Repeat exactly the lines of the records below, starting at the line containing "ZOWIE EC3-CW 電競滑鼠" and ending at the line containing "en venta casa Nonancourt Eure 8". Leave the pictures out.

The data:
# # # #

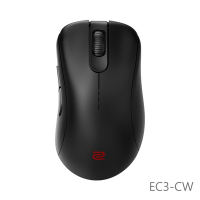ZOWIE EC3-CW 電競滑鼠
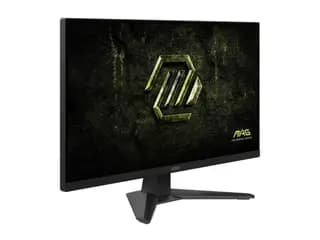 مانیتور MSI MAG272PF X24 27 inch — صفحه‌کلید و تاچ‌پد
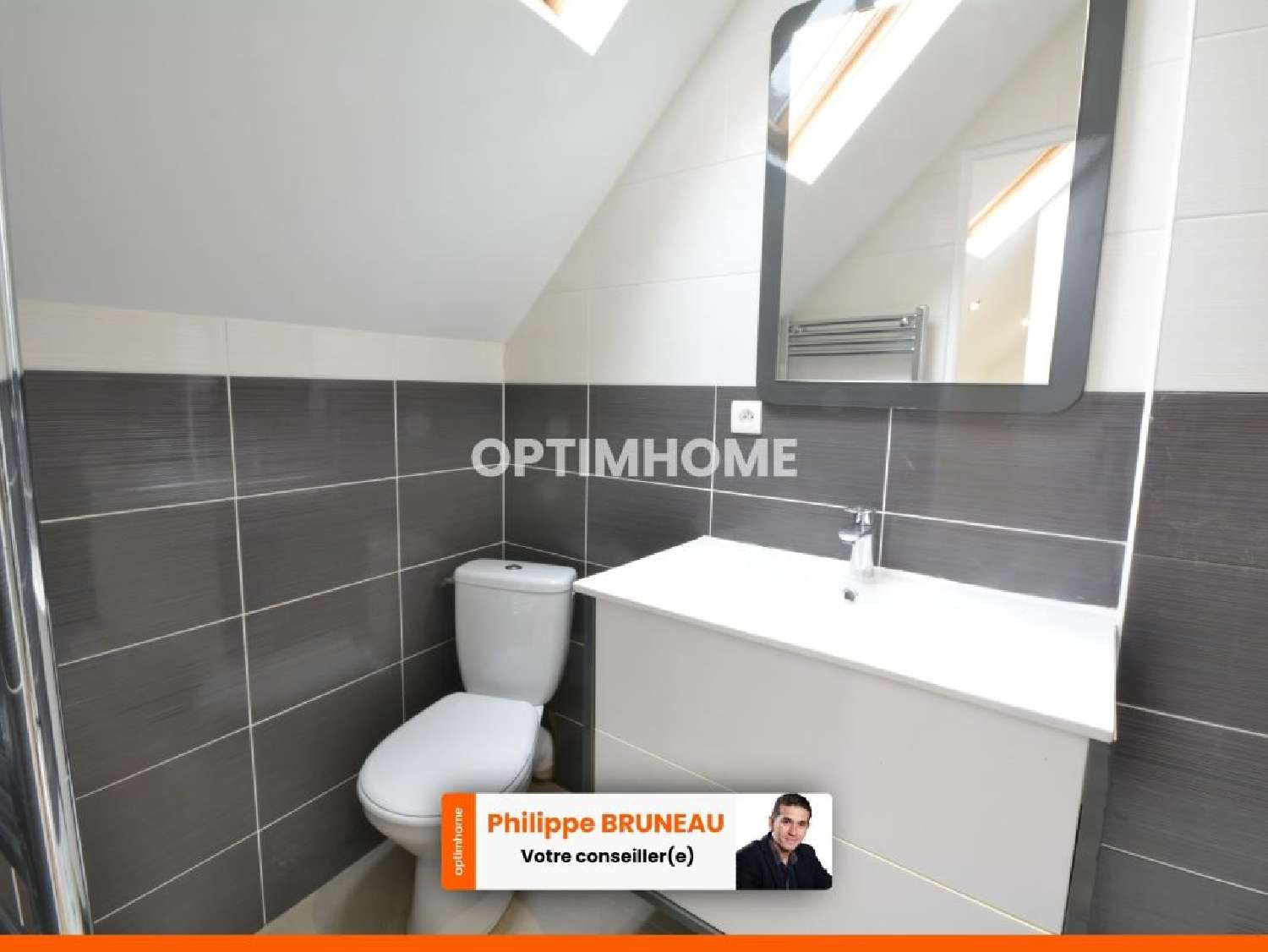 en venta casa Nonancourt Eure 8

# # # #

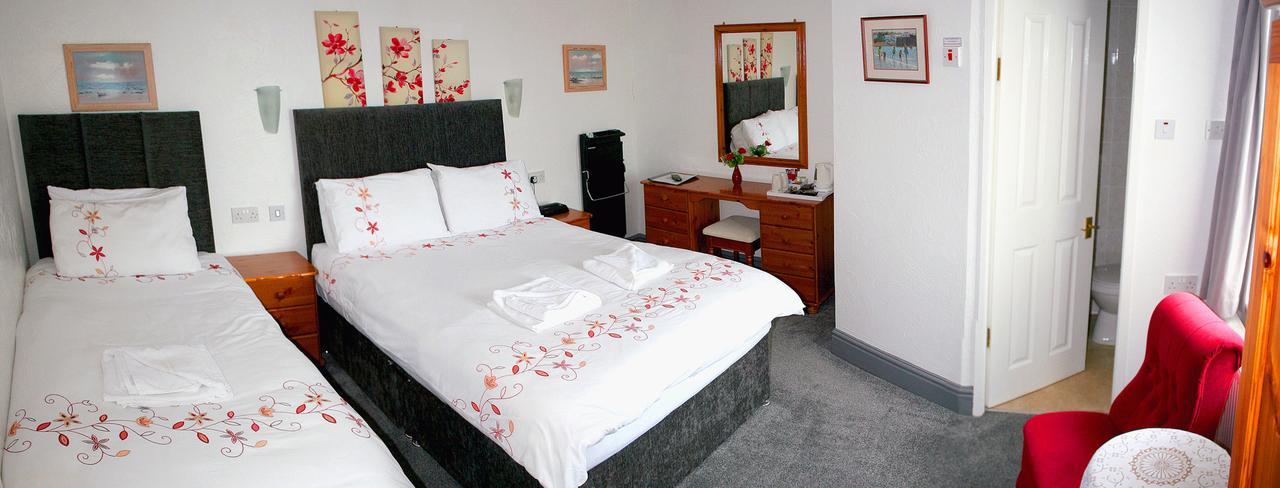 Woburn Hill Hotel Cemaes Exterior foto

# # # #

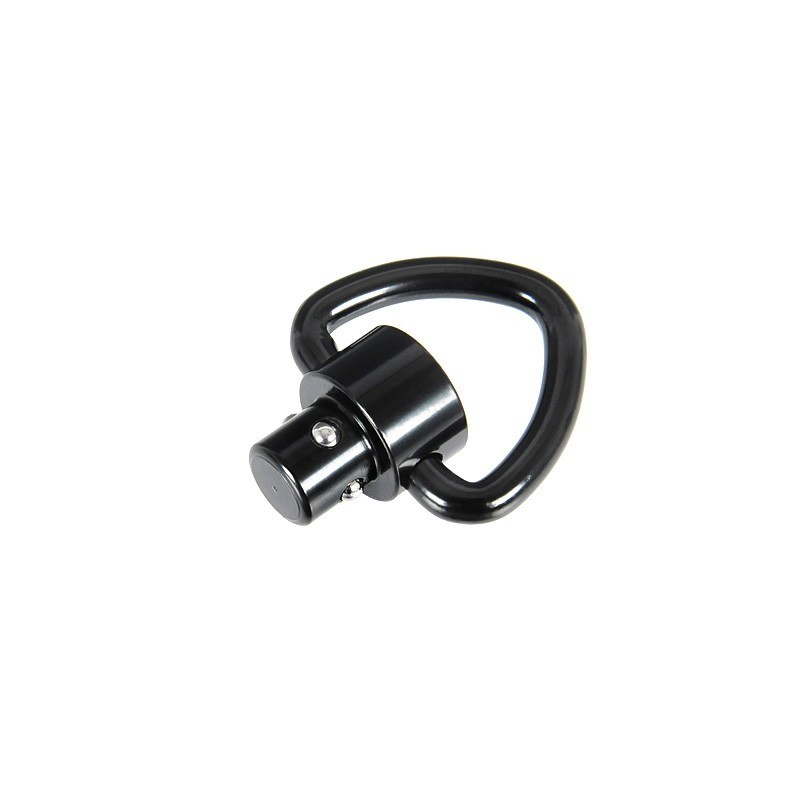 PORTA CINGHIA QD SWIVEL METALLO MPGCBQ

# # # #

Answer to this task:
ZOWIE EC3-CW 電競滑鼠
 مانیتور MSI MAG272PF X24 27 inch — صفحه‌کلید و تاچ‌پد
 en venta casa Nonancourt Eure 8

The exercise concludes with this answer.